Born in the extravagant tradition of classic big-screen set design, Hollywood Regency popularized the sophisticated, cosmopolitan, and flamboyant lifestyle of the stars. The style’s leading lights drew on a range of influences to create striking contrast and the opportunity for uncompromising self-expression in the realm of interior decoration.
Origins in Art Deco Set Design
The Hollywood Golden Age began with the first talking pictures in the late 1920s, on the heels of the explosion of Art Deco in the worlds of design and architecture. This can be seen in the set design of the era, which appropriated Art Deco motifs–its geometric shapes, its tasteful excess, its mélange of cultural influences, its celebratory, almost manic rebuff of Depression-era pessimism.
Hollywood Regency emerged in this context through the serendipitous stewardship of a former actor named William Haines. Haines, an openly gay man, was a star leading man for MGM in the 1920s and early 1930s, but fell foul of the studio when he refused to end his relationship with long-time partner Jimmy Shields, and enter into a sham marriage.
Fortunately, as much for the history of design as for Haines, the man had other talents. He and Shields opened an antique store, and Haines began decorating the homes of his old friends in the Hollywood crowd. Heavily influenced by the elaborate sets he had worked on in his acting career, as well as by British Regency and neoclassical styles, Haines spent the next ten years developing what would become known as Hollywood Regency.

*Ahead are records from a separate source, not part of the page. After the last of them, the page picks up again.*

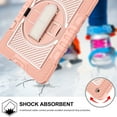 thumbnail image 3 of Case for iPad 10.2 (9th/8th/7th Generation, 2021/2020/2019 Release), Kids Friendly Heavy Duty Rugged Shockproof Adjustable Kickstand Full Protective Tablet Cover with Hand/Shoulder Strap, Rose Gold, 3 of 8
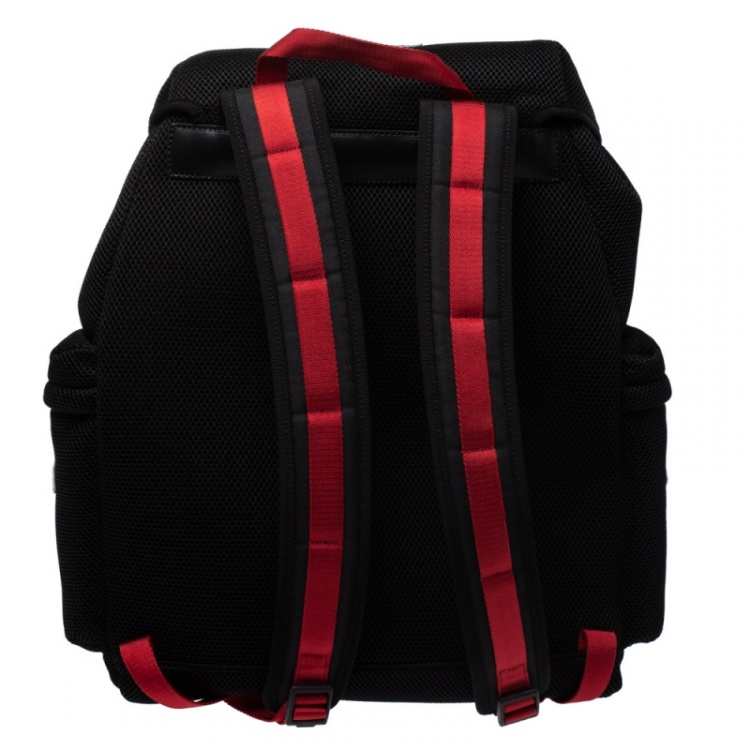 Pre Owned Gucci Black Mesh Fabric Hollywood Embroidered Backpack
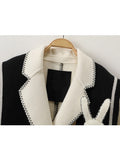 Woolen Overcoat Warm Outerwear Women Long Sleeve Double Breasted Chic Cute Rabbit Loose Long Coat 2022 Autumn Winter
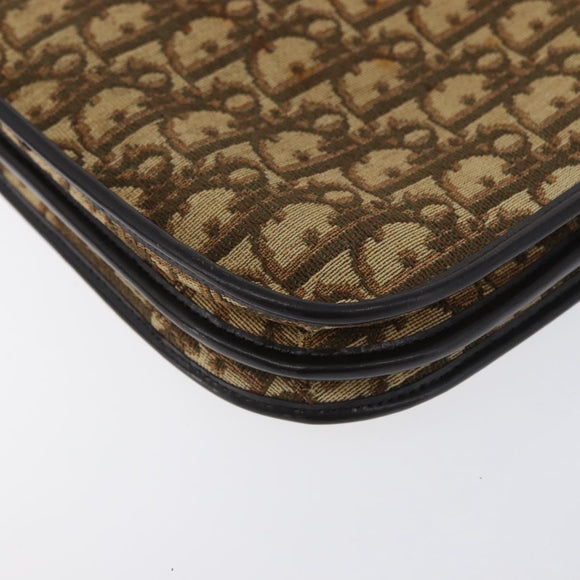 Christian Dior Trotter Canvas Schoudertas Beige Goud Auth 170884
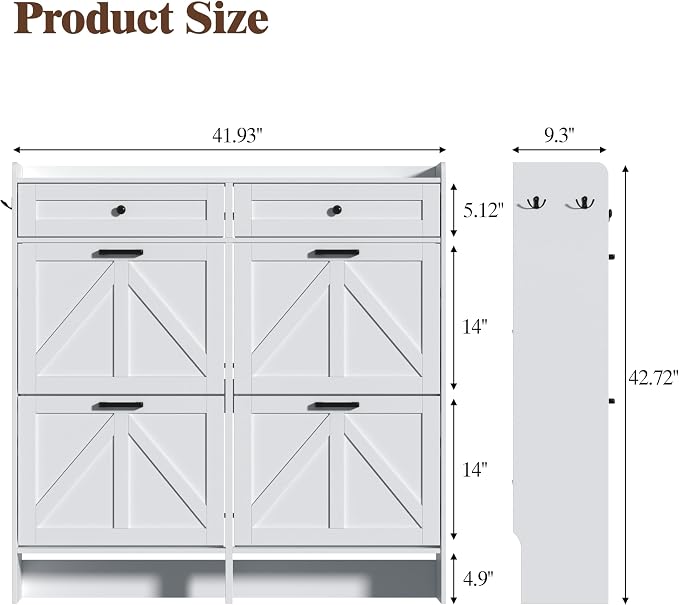 Thacuok Shoe Cabinet with 4 Flip Drawers & 2 Storage Drawers, Rustic Farmhouse - Image 2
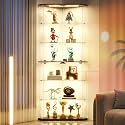 HNEBC 6-Tier Corner Display Cabinet with Glass Doors for Collectible,Black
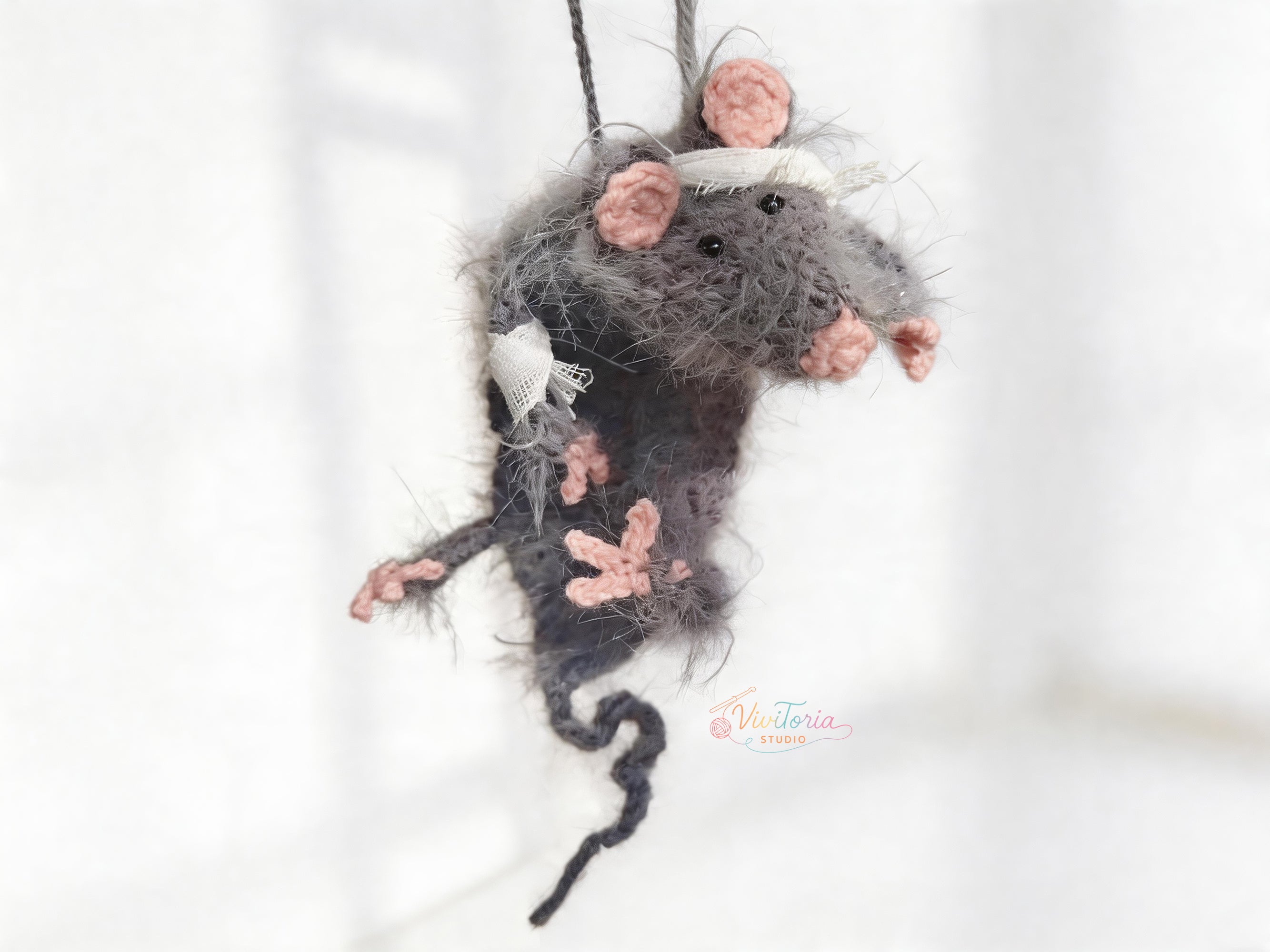 Rat Crochet Pattern Bundle – 5-in-1 Mouse Crochet Patterns,  Amigurumi Keychain Scarf Bookmark Tie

Hollywood Regency in its Big, Bold Heyday
Characterized by its grandeur and daring mix of themes, Hollywood Regency was meant to create a kind of theatrical backdrop for the household dramas of the rich and famous–the fabulous marriages, the glamorous soirées. Haines’ early clients were stars like Joan Crawford and Gloria Swanson, and he designed tables and other furniture low to the ground, to accentuate the larger-than-life quality of their owners.
Another pioneer of the style was the decorator Dorothy Draper, whose work was executed with such minuteness of detail that it was also known as “Modern Baroque.” Draper favored big contrast when it came to colors and motifs. A wall-to-wall rug, in a shade somewhere between a royal red and hot pink, might be paired with sea-blue fauteuils and lime lampshades. The rigidity of a black and white tile floor might be offset by the profound curves of tables and ottomans. Rooms were often accented with ornate floral curtains and upholstery.
If Draper and Haines founded Hollywood Regency, David Hicks carried its torch into maturity. Working in the 1960s and 70s, the English designer used a wider array of patterns than Draper, but harbored a more limited taste for contrast. Floors might be tiled in zebra-like stripes or intricate geometrics, but a room’s aesthetics would stem from a relatively uniform color palette.
It might seem like a throwback to a long-gone era of excess, but Hollywood Regency will always enjoy a select popularity among those aiming to combine refined sophistication with bold expression of their own individual taste.